É visível que Gilmar Mendes, que foi o Advogado-Geral da União do FHC e depois indicado pelo tucano para o STF, não consegue conter seu desejo obsessivo de inviabilizar e impedir o funcionamento do governo. Esta obsessão já alcançou as raias da histeria, da irracionalidade e do descontrole.

 

O sistema jurídico brasileiro está seriamente ameaçado pela partidarização e pela instrumentalização do Poder Judiciário [e da Polícia Federal] na luta política fascista que visa a eliminação de inimigos ideológicos. Existem justiceiros – uns maus funcionários públicos - que usam a toga como disfarce para a atuação partidária de oposição ao governo.

 

Como Ministro da Suprema Corte, ao invés de conspirar, Gilmar deveria ser um guardião de primeira linha da defesa do mandato conferido à Presidente Dilma por 54.501.118 pessoas. Se esse é o ensinamento que Gilmar transmite aos alunos do Instituto de Direito Público, faculdade da qual ele é sócio-proprietário, coitados daqueles [de]formados naquele forno ideológico.

 

Como Juiz do STF, aliás, ele recebe um salário nababesco para exercer com plena independência e soberania a função de julgador. Como funcionário público com dedicação exclusiva, ele pode desempenhar ao mesmo tempo atividade empresarial e receber pagamento de uma fonte de renda paralela? O Instituto de Direito Público recebe recursos do governo federal a qualquer título, mesmo sendo ele um funcionário público com participação acionária na empresa?

 

O governo tem de tentar derrubar a liminar concedida pelo Ministro Gilmar Mendes de anulação da posse de Lula na Casa Civil, porque ele já proferiu publicamente sentença antecipada sobre o assunto, e por isso perdeu totalmente a imparcialidade de julgar.

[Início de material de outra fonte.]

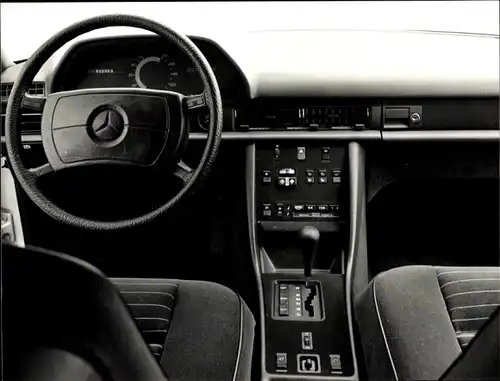Foto Mercedes Benz Forschungs-PKW, Auto 2000, Cockpit, Werkfoto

Permitir Gilmar Mendes julgar o governo, Lula e o PT seria o mesmo que aceitar a escalação do Presidente do Flamengo como juiz do Fla-Flu: o resultado é conhecido por antecipação.

 

O novo Advogado-Geral da União, o Ministro José Eduardo Cardozo, tem dois exemplos valiosos de como agir contra este novo abuso cometido pelo condomínio jurídico-midiático-policial para desestabilizar o país e acirrar o confronto.

 

Em primeiro lugar, José Eduardo poderia se inspirar na postura política e institucional do seu sucessor no Ministério da Justiça, Eugênio Aragão, que em 15 minutos no cargo fez pela normalidade jurídico-institucional muito mais do que ele fez em quase seis anos na função.

 

Em segundo lugar, e sem maiores esforços de trabalho, José Eduardo poderia simplesmente transcrever os argumentos do Presidente do STF Ricardo Lewandowski escritos no artigo Judicatura e dever de recato, para peticionar a anulação da liminar concedida por Gilmar Mendes ao PPS e ao PSDB, assim como para pedir o impedimento deste posicionado Juiz julgar assuntos sobre os quais antecipou juízo de valor na mídia.

 

Diz o Presidente do STF:

 

O Código de Ética da Magistratura, consubstanciado na Resolução 60, de 2008, do Conselho Nacional de Justiça, consigna, logo em seu artigo 1º, que os juízes devem portar-se com imparcialidade, cortesia, diligência, integridade, dignidade, honra, prudência e decoro. A incontinência verbal pode configurar desde uma simples falta disciplinar até um ilícito criminal, apenada, em casos extremos, com a perda do cargo, sem prejuízo de outras sanções cabível.

 

A Lei Complementar nº 35, de 1979, estabelece, no artigo 36, inciso III, que não é licito aos juízes ‘manifestar, por qualquer meio de comunicação, opinião sobre processo pendente de julgamento, seu ou de outrem, ou juízo depreciativo sobre despachos, votos ou sentenças de órgãos judiciais, ressalvada a crítica nos autos ou em obras técnicas ou no exercício do magistério.

 

O prejulgamento de uma causa ou a manifestação extemporânea de inclinação subjetiva acerca de decisão futura, nos termos do artigo 135, V, do Código de Processo Civil, caracteriza a suspeição ou parcialidade do magistrado, que permitem afastá-lo da causa por demonstrar interesse no julgamento em favor de alguma das partes.

 

Por mais poder que detenham, os juízes não constituem agentes políticos, porquanto carecem do sopro legitimador do sufrágio popular. ... Em países civilizados, dentre eles o Brasil, proíbe-se que exerçam atividades político-partidárias, as quais são reservadas àqueles eleitos pelo voto direto, secreto e universal e periódico.

 

O protagonismo extramuros, criticável em qualquer circunstância, torna-se ainda mais nefasto quando tem o potencial de cercear direitos fundamentais, favorecer correntes políticas, provocar abalos na economia ou desestabilizar as instituições, ainda que inspirado na melhor das intenções.

 

Ricardo Lewandowski finaliza sua magistral explicação dizendo que “posturas extravagantes ou ideologicamente matizadas são repudiadas pela comunidade jurídica, bem assim pela opinião pública esclarecida, que enxerga nelas um grave risco à democracia”.